● EXTRACTED DATA:
-- Opening Marker --
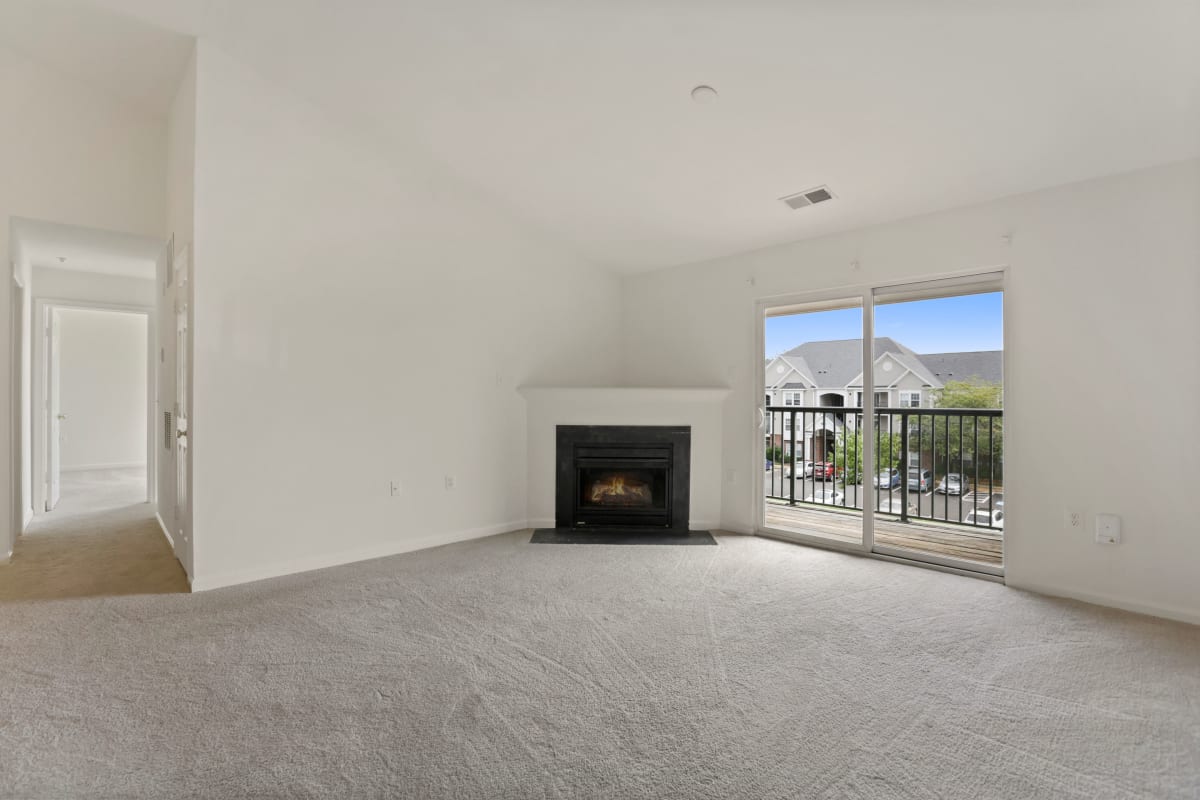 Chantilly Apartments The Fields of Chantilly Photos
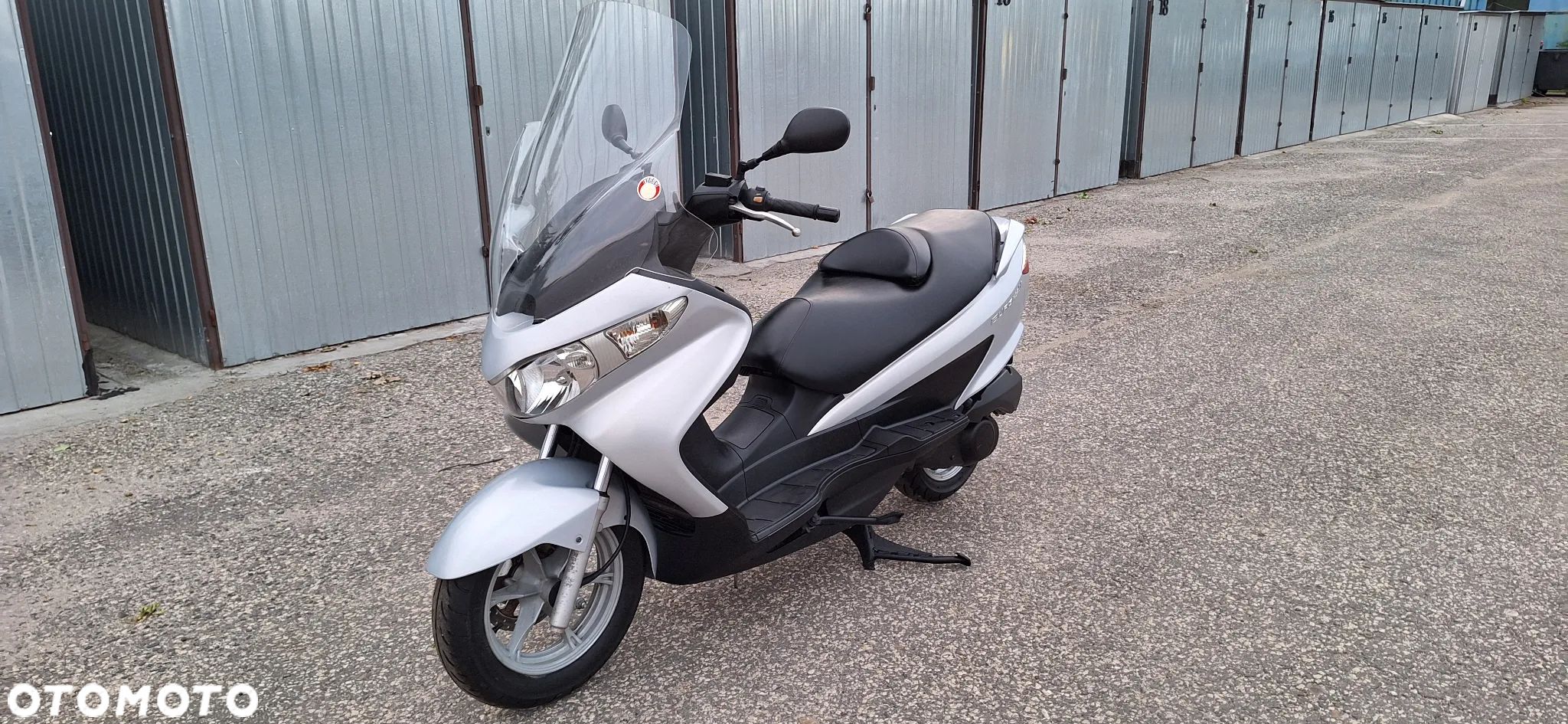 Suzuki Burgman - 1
-- Closing Marker --
-- Opening Marker --
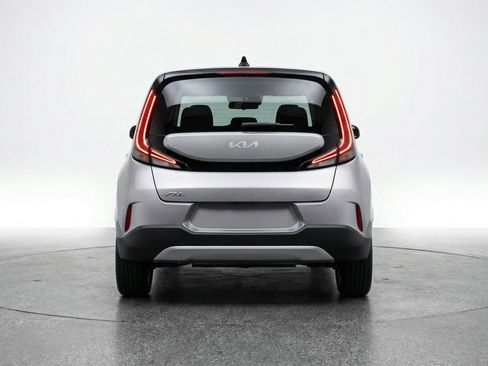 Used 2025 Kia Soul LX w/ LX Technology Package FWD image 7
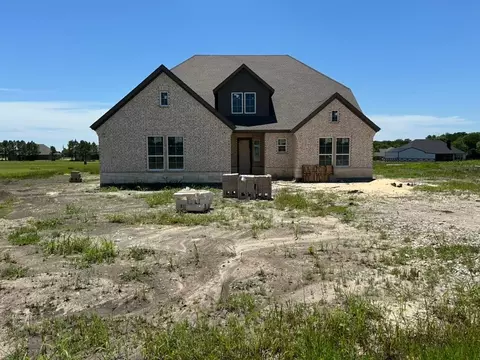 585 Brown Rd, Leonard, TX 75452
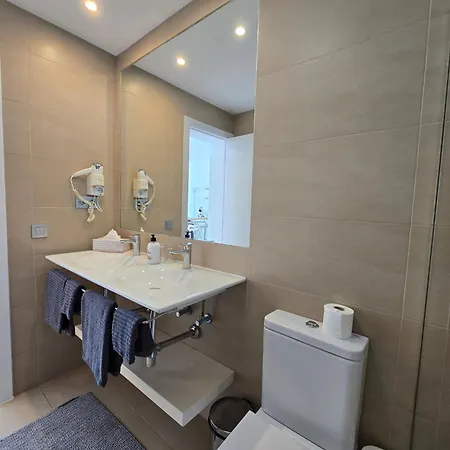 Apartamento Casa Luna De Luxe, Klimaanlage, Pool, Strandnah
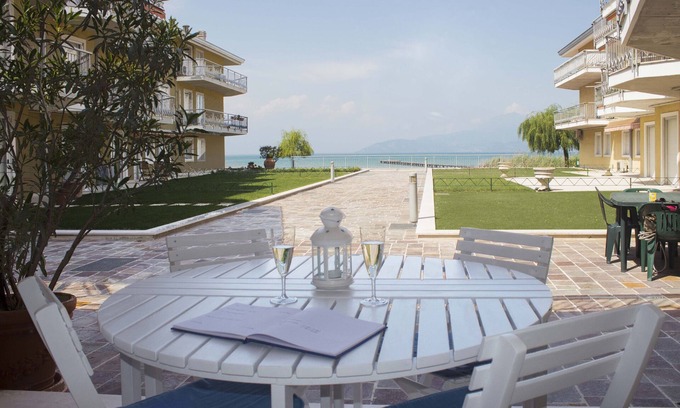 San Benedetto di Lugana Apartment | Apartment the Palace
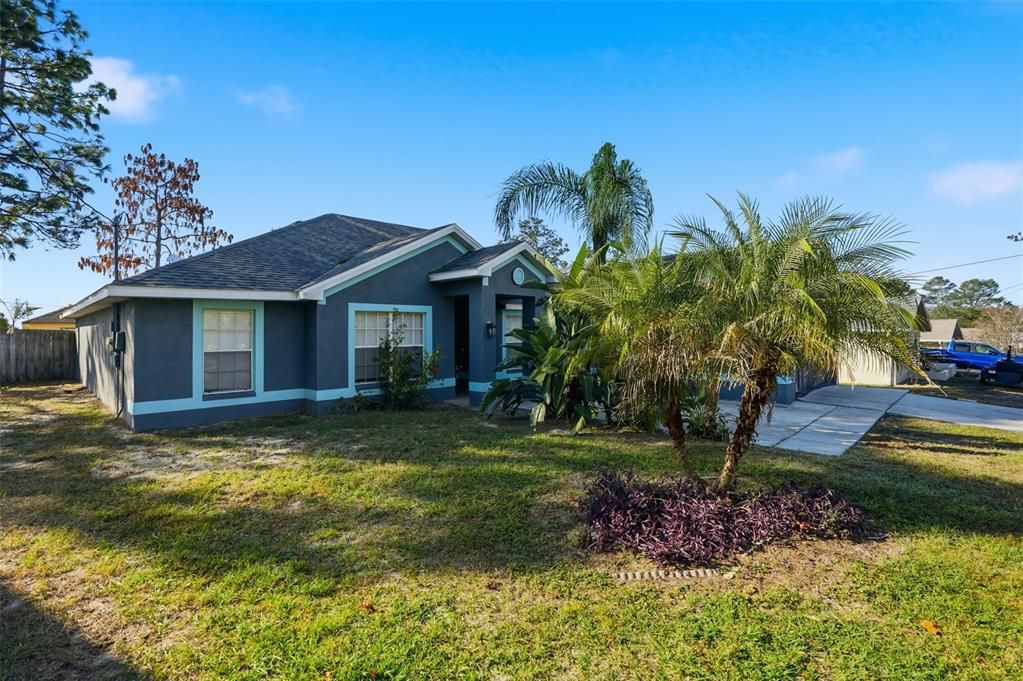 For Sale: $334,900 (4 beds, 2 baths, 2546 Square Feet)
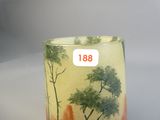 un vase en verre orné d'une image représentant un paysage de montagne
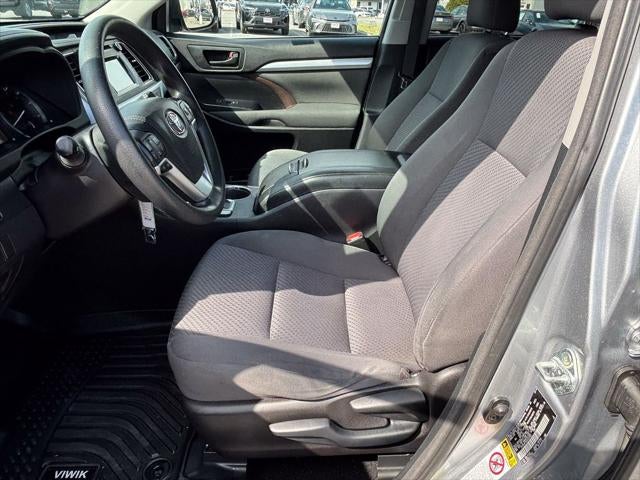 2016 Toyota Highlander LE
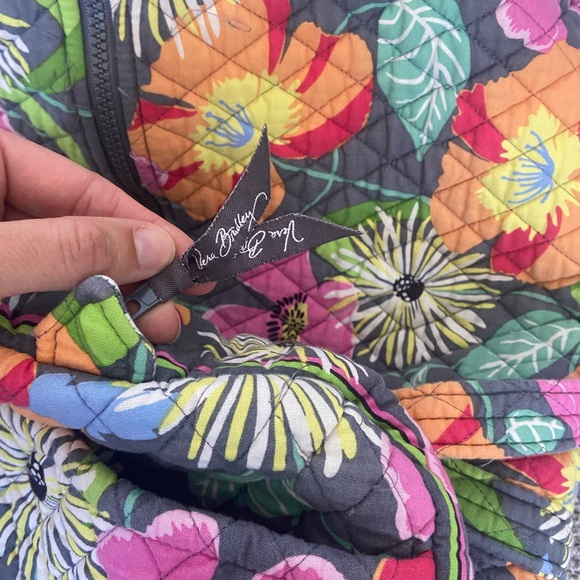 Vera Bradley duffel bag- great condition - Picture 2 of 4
-- Closing Marker --
-- Opening Marker --
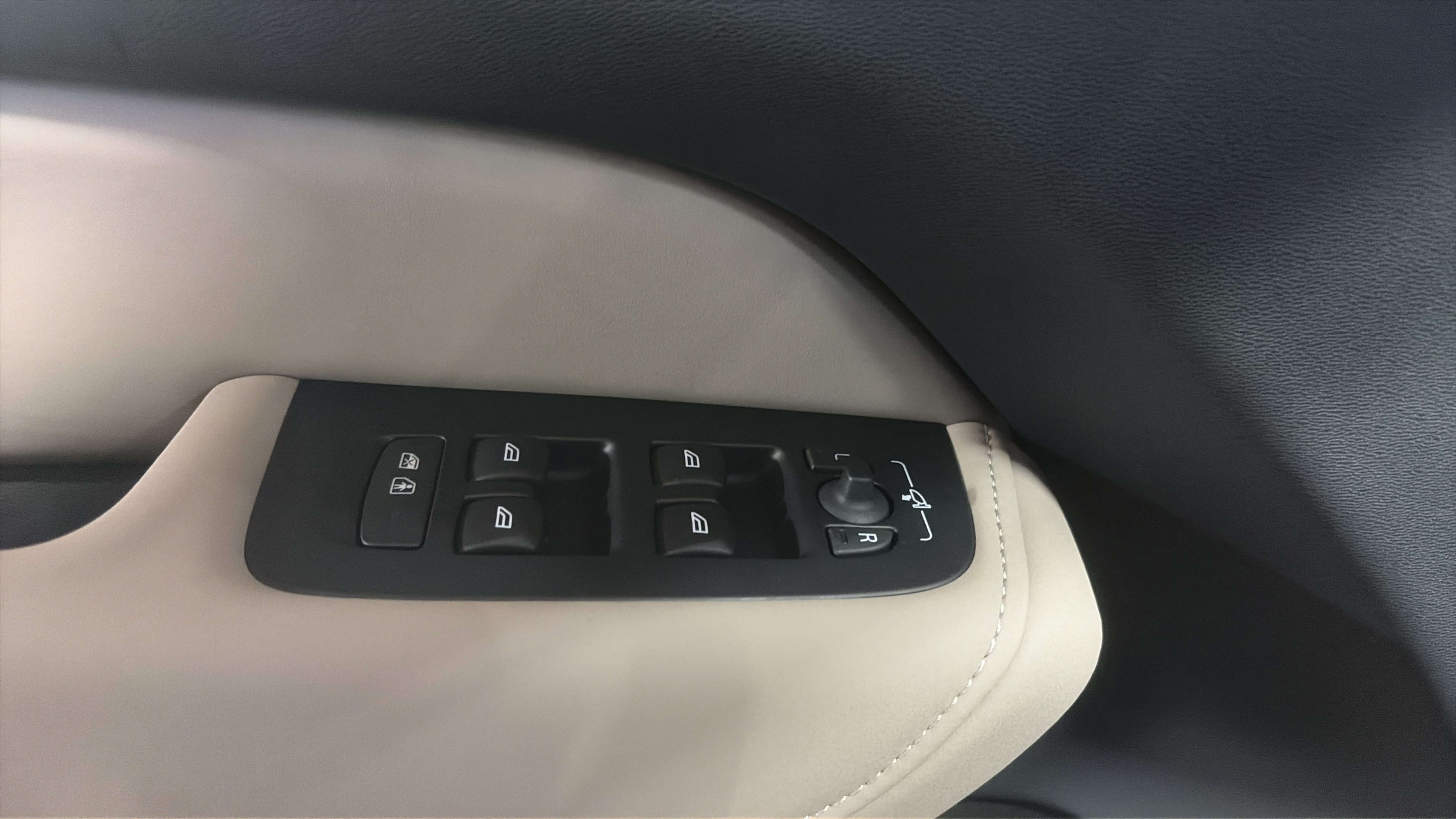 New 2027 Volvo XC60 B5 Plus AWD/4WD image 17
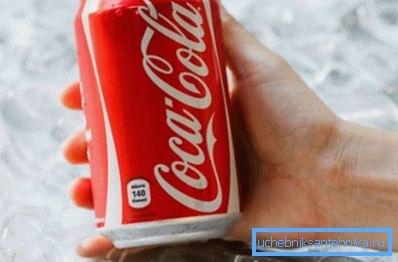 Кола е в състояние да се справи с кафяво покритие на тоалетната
-- Closing Marker --
● INSTRUCTIONS TO FOLLOW: Copy out exactly the material that runs from the line with "Chantilly Apartments The" to the line with "Suzuki Burgman - 1", ends included, and leave the pictures behind.

● RESULT OF THE TASK:
 Chantilly Apartments The Fields of Chantilly Photos
 Suzuki Burgman - 1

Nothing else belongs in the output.